> **PROVIDED INFORMATION**:
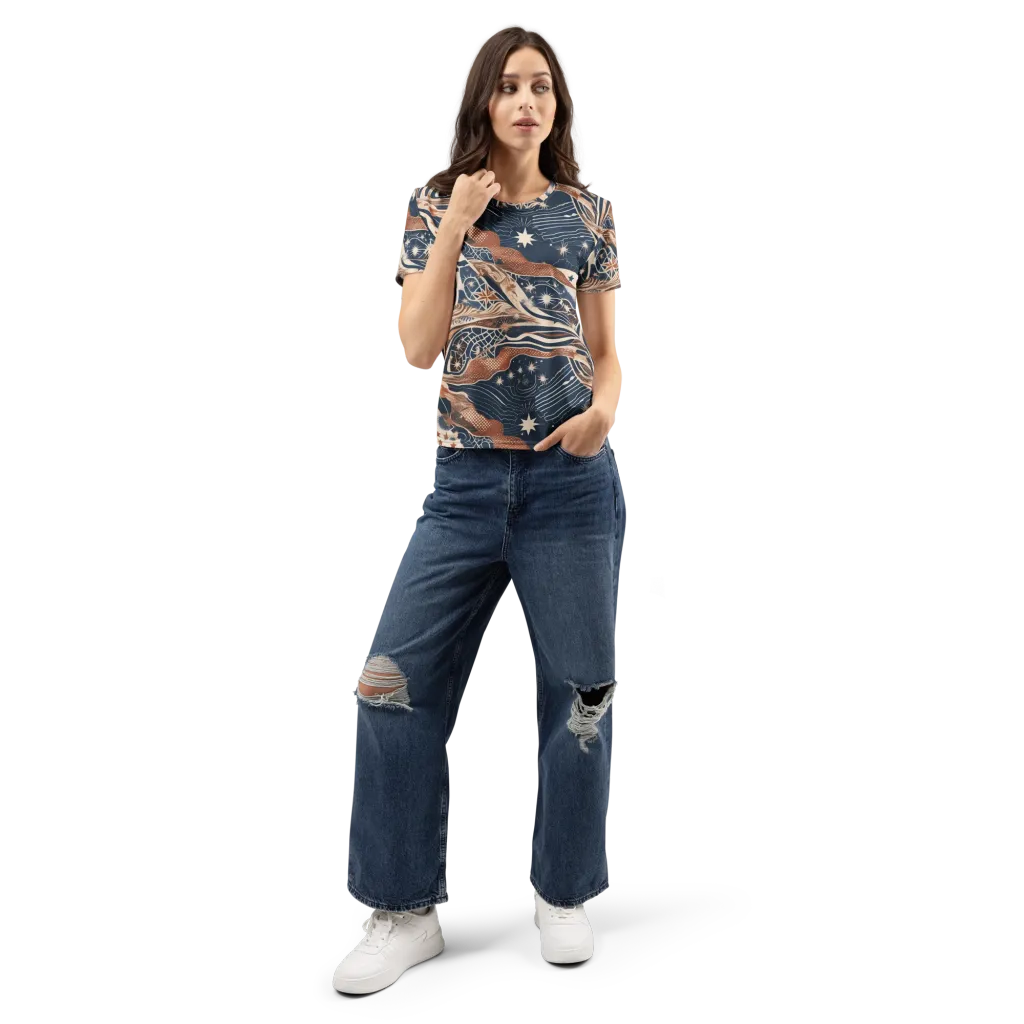 Midnight Meridian on Women's Crew Neck T-Shirt — Front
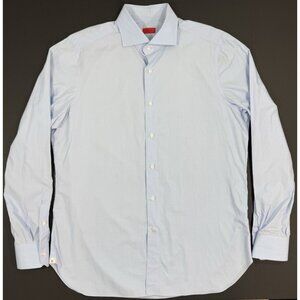 Isaia Napoli Mens Dress Shirt Size 17/43 Long Sleeve Made In Italy Blue Cotton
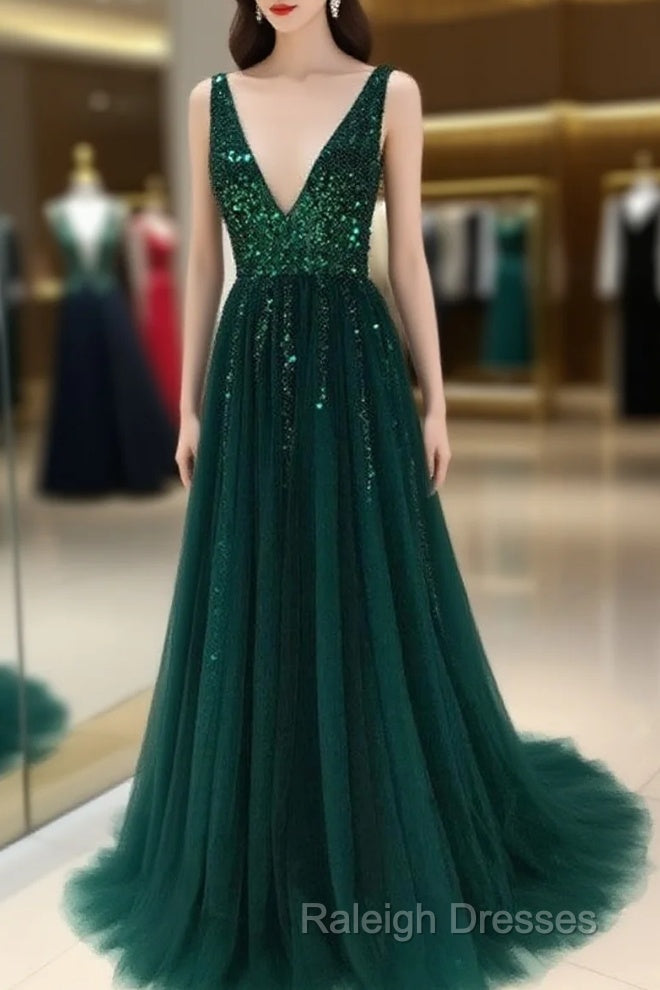 Sparkly Sequins Beaded V-Neck Tulle Open Back Prom Dress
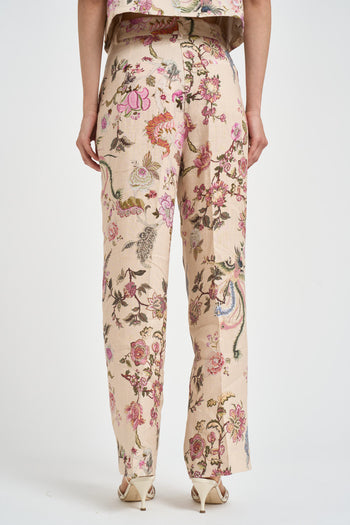 Pantalone donna a palazzo in fantasia floreale - 4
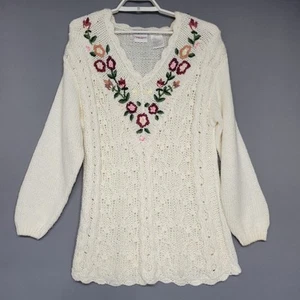 Vintage Bobbie Brooks Cottage Core Hand Knitted Sweater Womens XL Embroidered - Picture 1 of 11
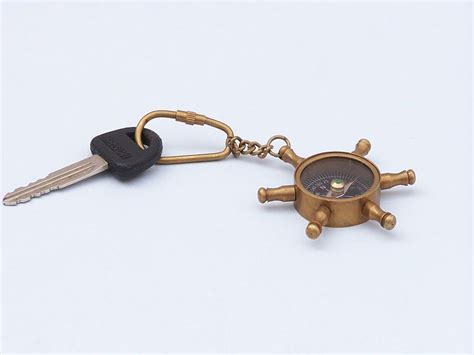 Wholesale Antique Brass Ships Wheel Compass Key Chain 5in Hampton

> **WHAT TO WORK ON**: Without the pictures, reproduce every record exactly as it appears above.

> **FINISHED EXERCISE**:
 Midnight Meridian on Women's Crew Neck T-Shirt — Front
 Isaia Napoli Mens Dress Shirt Size 17/43 Long Sleeve Made In Italy Blue Cotton
 Sparkly Sequins Beaded V-Neck Tulle Open Back Prom Dress
 Pantalone donna a palazzo in fantasia floreale - 4
 Vintage Bobbie Brooks Cottage Core Hand Knitted Sweater Womens XL Embroidered - Picture 1 of 11
 Wholesale Antique Brass Ships Wheel Compass Key Chain 5in Hampton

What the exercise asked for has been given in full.